__DATASET CONTENT__:
= Beginning of Section =
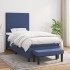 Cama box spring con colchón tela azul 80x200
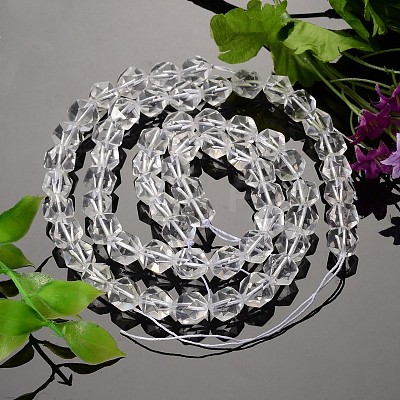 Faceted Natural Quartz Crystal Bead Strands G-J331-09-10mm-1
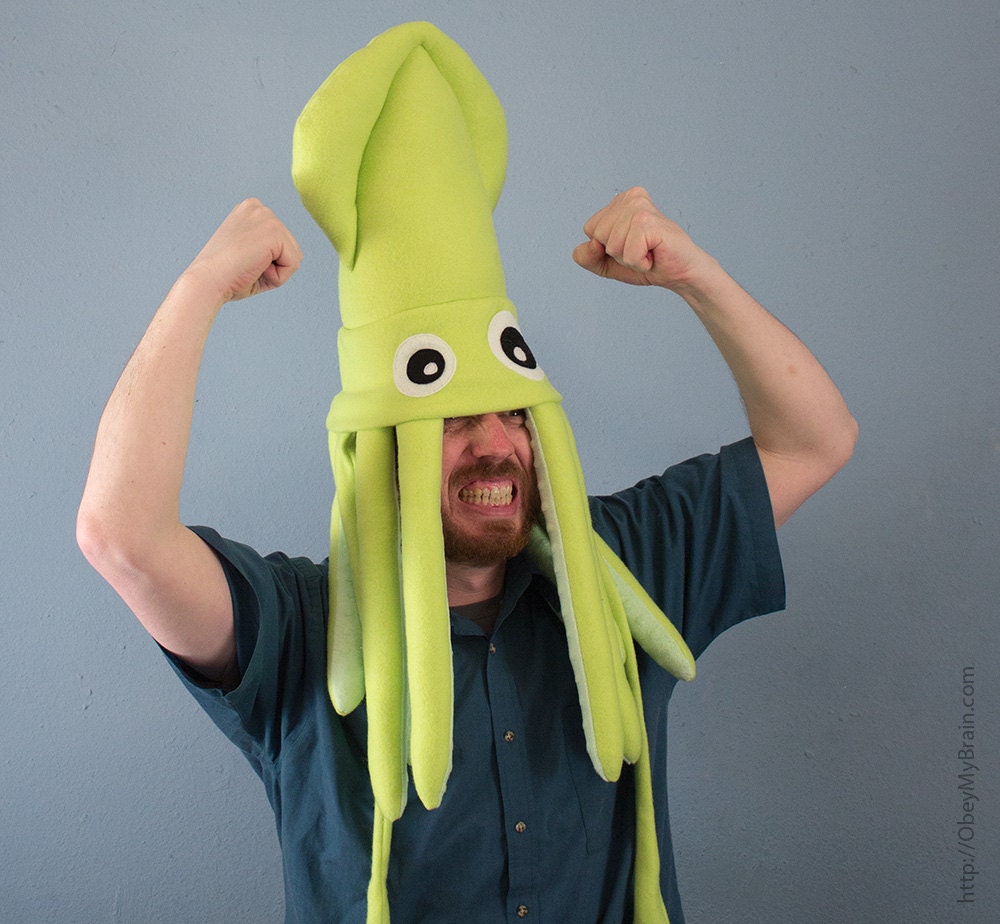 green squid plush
= End of Section =
Output exactly the lines from the one that has "Faceted Natural Quartz" through the end of the data. Do not include pictures.

__RESPONSE TO THE EXERCISE__:
 Faceted Natural Quartz Crystal Bead Strands G-J331-09-10mm-1
 green squid plush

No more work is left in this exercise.